Then a few years later I came upon Doom 3. Something that struck me was that it was considerably more technically advanced than other contemporary games and much more stable. Firstly, it was visually stunning, you had a metallic shine that I hadn't seen in other games, you had heat effects beautifully visualizing distortions in the air from turbulent flows of hot air. Also, you didn't only have dead textures but you also had interactive panels directly in the textures in the game which I considered mind blowing. But the final aspect of this engine that really made it stand out was how stable it was. For example, switching between the game and other programs is still an issue today, the switching between the game and another program commonly takes around 10 seconds and it is common that when you switch back to the game, you either have a black screen where you cannot do anything but restart the game, or when you switch back, you end up in windowed mode unable to go back to the same old fullscreen mode without restarting the game. With the DOOM3 engine, switching between it and another program was a breeze and you could always rest assured that switching to or from the game will never lead to bad behaviour. Also something else that struck me was how well the engine worked with other applications. You see, on my laptop where I ran the game, when adjusting the volume or changing the contrast or any other hardware specific properties with one of the custom hardware keys of the laptop, a nice graphical HUD or OSD with a bar or other indicator of current volume pops up, beautifully overlayed on top of the desktop with a semitransparent alpha blend effect. Usually while running a game in fullscreen, these HUDs never show up. But in DOOM3 these features had no problems with blending in with the DOOM3 game engine and I was very surprised that it even was possible!

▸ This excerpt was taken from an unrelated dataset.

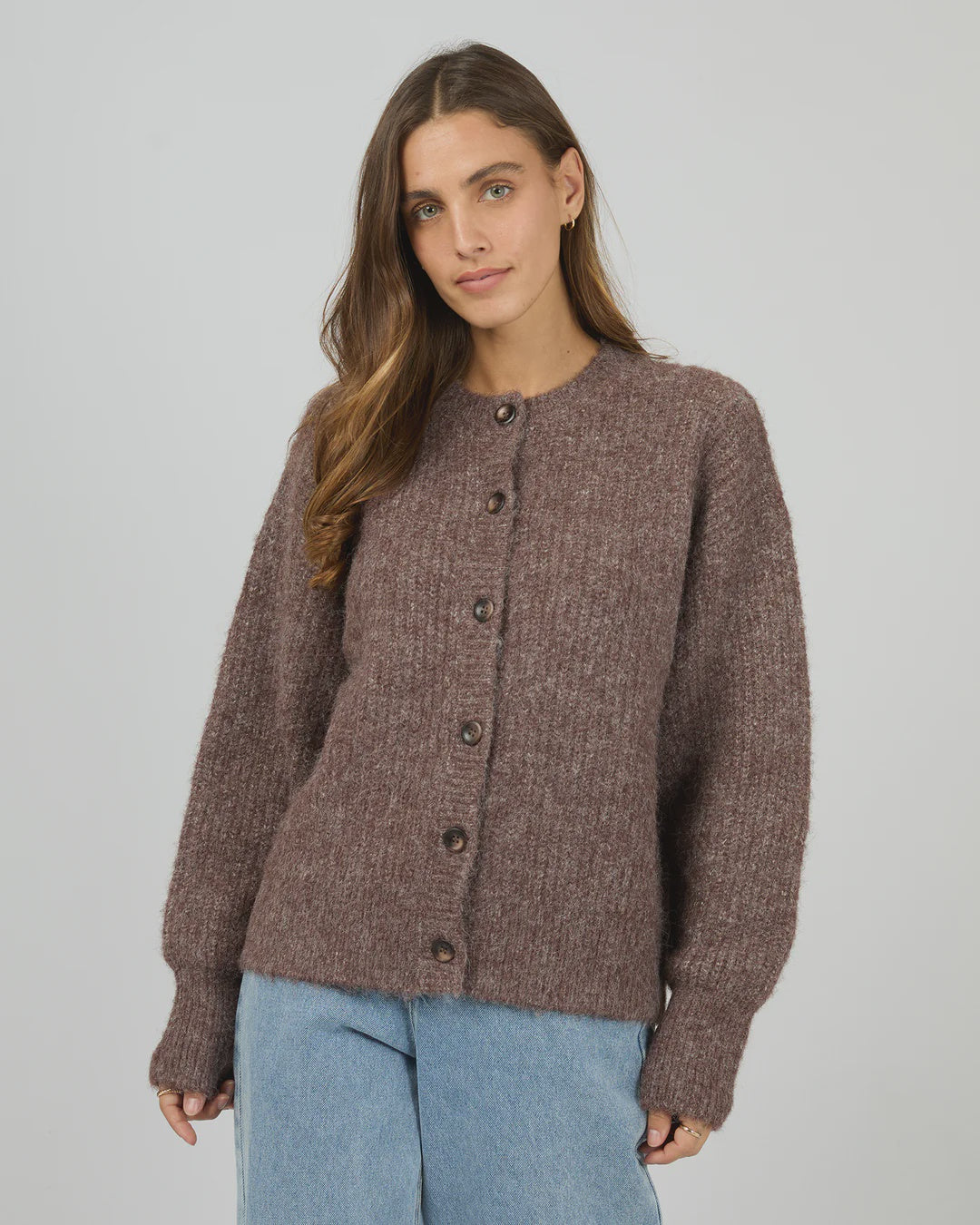 Bonni Knit Cardigan - Cherry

In more recent years I have partially lost touch with the computer games front but I read still with great interest about different technologies out there. I think ID software is or at least used to be one of the major pioneers in the field coming up with very interesting new technologies from time to time. I heard they used a revolutionary texture application method for the game of Rage that speeds things up considerably.

I really liked the half-life series but apart from the physics that were introduced with hl2, I was actually not that impressed with the engine. I like the TES games but to tell the truth, I find the engine those games are based upon to be buggy and bloated. For instance, a game like Skyrim when considering it runs on a PS3, should run very smoothly on a PC even with 2011 years of PC hardware. But the GUI is hopelessly laggy and sluggish.

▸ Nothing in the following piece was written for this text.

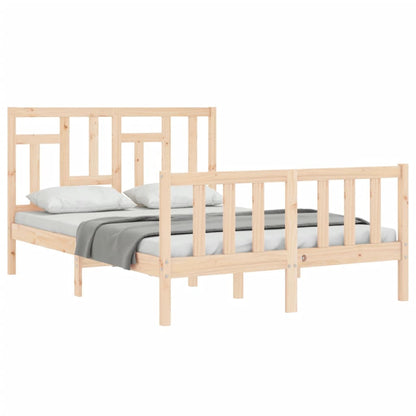 Bed Frame without Mattress 120x200 cm Solid Wood Pine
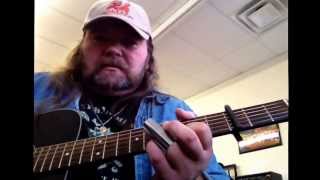 Black Lung Heartache acoustic guitar lesson...Joe Bonamassa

So I was delighted to read that Bethesda were considering teaming up with ID Software for a new game engine to be used with future Fallout and TES series. But my delight was not shared which I experienced in the following now closed thread:

http://www.tomshardware.co.uk/forum/id-2753286/bethesda-fallout-presentation-gamescom-opinion.html#16442789

It doesn't look like Fallout 4 is based on any of the id Tech games but who knows what contributions have been made to their Creation engine.

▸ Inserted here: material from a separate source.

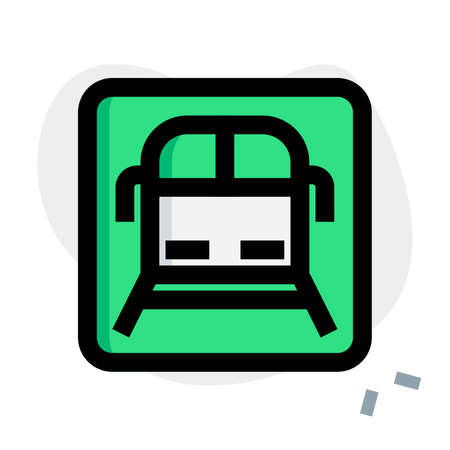 Train logotype for station to board passenger from siteのイラスト素材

I cannot say that the Wolfenstein or 'The Evil Within' games that supposedly are based off of the Rage engine are very impressive but I guess that is a matter of feature implementation. But the preview of the latest DOOM game looks very promising:

https://www.youtube.com/watch?v=QjzUFlk0eR8

The particle system implementation together with volumetric lighting and global illumination looks really nice so it still looks promising for ID Software.

Then I saw the following Youtube clips of potential future engines:

https://www.youtube.com/watch?v=5AvCxa9Y9NU

https://www.youtube.com/watch?v=vTF7wz0-AQs

Some people say that Euclideon is fake though.

I'm aware that there is much more to this than just the visuals such as the 'logistics' behind the development process and the availability of tools to handle such 'logistics', and other features such as storytelling or even AI which is still abysmal among games and hasn't improved significantly during the past 20 years!!!

So which engine has the most potential and where is the FPS technology going?
 
There is always lots of really impressive looking demos and things out there, but with the $2000 worth of GPU's you don't see it anyways. lol.

Eye candy doesn't sell games. CS:GO is one of the most popular, competitive games out there and it's old and nothing special. BF, COD, haven't changed much in years. In competitive gaming, that stuff actually gets in the way. I remember playing F.E.A.R. back in the day and was in some big tourney's online. Kept getting pecked off hiding in shadowed areas and couldn't figure out why. I shot out the lights, it was dark, crates casting shadows to hide in. On a whim in between rounds, I turned down my graphics and shut off dynamic lighting and shadow effects, could see everything.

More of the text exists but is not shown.